At my first check up during my third pregnancy, my doctor offered an ultrasound. I agreed, excited at the prospect of seeing my new baby for the first time. Well, when the doctor swiveled around and wielded what looked like a small rocket launcher for a doppler, I knew my life was about to change.
Our first glimpse was beautiful, of course. Then the doctor asked me, How's your heart? I don't mind telling you, I knew right then and there he could not see my heart with that thing! So, I asked him, why? And he said, Because there's two!!
Well, I had been right. The adventures have not slowed since. At eighteen months it was very clear my boys had their own twin language. this language overrode their normal speech development--well, that and their two interpreters (read: big sisters). At four years of age, we had them tested and discovered a two year speech delay. Off the boys went to a preschool program for children with disabilities (PPCD). By the middle of their second year in this program, we were experiencing more turbulence than we could have ever anticipated. And trust me--with two boys coming in direct succession after two girls, we thought we were prepared.
Ryan suddenly had violent-aggressive meltdowns in class. Reagan was mostly sucking his thumb and hiding under tables when he was mad. As a psychology major I recognized some earmarks of Asperger's syndrome--yet, the boys had no problems with social interaction (um...when they weren't angry LOL).
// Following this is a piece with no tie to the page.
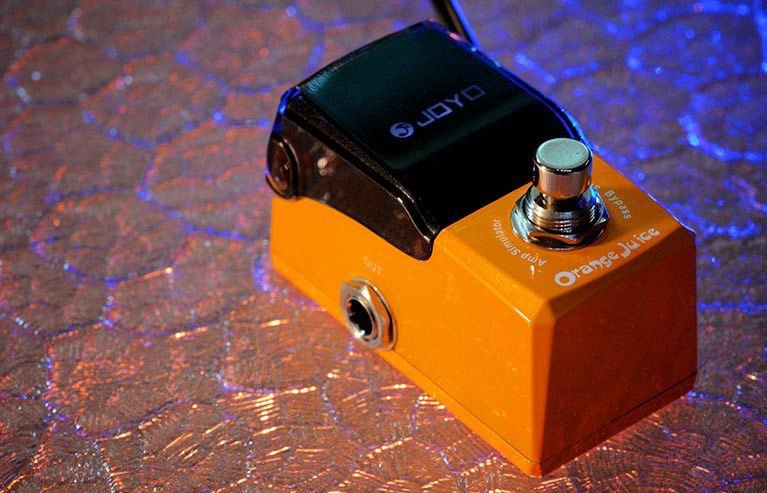Joyo JF-310 Orange Juice - efekt gitarowy - 7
To make a long journey short, just today we met with the school team to consider placing the boys back into the mainstream schools in the hopes of getting them on track with their speech, their coping skills (yes, really!), and academia.
Part of me feels like a bad mother. Why haven't I done more? What could I have done to prevent this from happening (nothing!!)? Wouldn't a good mother "tough it out" and work through all the issues?
Well, I've come to realize that while God has definitely gifted me with a special way of working with children, there is a limit to my expertise. I realize there are advocates out there for both sides of this issue--and that is not my intent here. My intent is to realize that at times, we have limits. Without the ability to recongize those limits, we may end up in a heap of trouble. We must also examine what God asks of us, and then once we know that truth, we must offer absolute surrender to His will. That's not easy. But it is vital to a fulfilled life. God knows what's best for my children. If I trust him, then I know that my family will make it.